This Deed brought about a radical change in the Apostles' souls. From being Judaic, their whole mental outlook became Christian. For the glorious Christ is living, he spoke to them, Heaven opened, the Beyond entered the earth below, the aurora of immortality touched their foreheads, embracing their souls in a fire which never can be extinguished. Above the crumbling earthly kingdom of Israel they have seen the heavenly universal Kingdom in all its splendor. Hence their eagerness for battle, their joy in martyrdom. From Christ's Resurrection comes that overwhelming impulse, that boundless hope which carries the Gospel to all peoples, and eventually to the uttermost parts of the earth. In order for Christianity to succeed, two things were indispensable, as Fabre d'Olivet said: that Jesus was willing to die, and that he had the power to rise again.
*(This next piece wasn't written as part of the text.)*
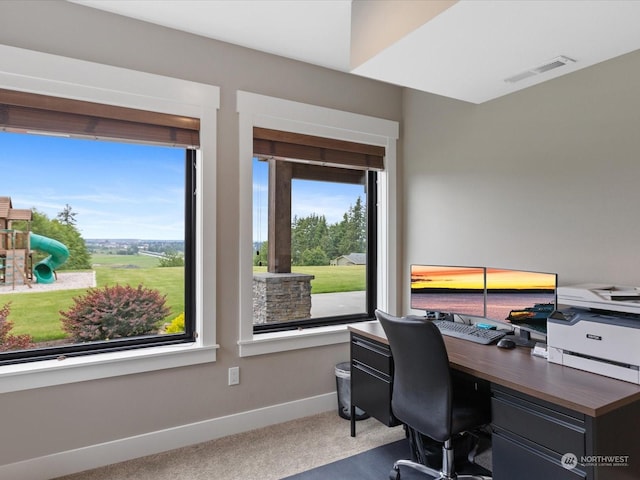 carpeted home office featuring visible vents and baseboards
In order to grasp the fact of the Resurrection and to understand its religious and philosophical significance, it is necessary to consider only the successive appearances of the Risen Christ, putting aside the idea of the bodily resurrection, one of the greatest stumbling blocks of Christian dogma which, on this point is completely elementary and childish. The disappearance of Jesus' physical body can be explained by natural causes, and it is to be noted that the corpses of several great adepts have disappeared without a trace in as completely mysterious a manner. Among others the corpses of Moses, of Pythagoras and of Apollonius of Tyana disappeared without anyone having been able to discover what became of them. It is possible that the brothers destroyed the Master's remains with fire in order to remove them from the profanations of his enemies. Be that as it may, however, the scientific aspect and the spiritual grandeur of the Resurrection appear only if one understands the latter in the esoteric sense.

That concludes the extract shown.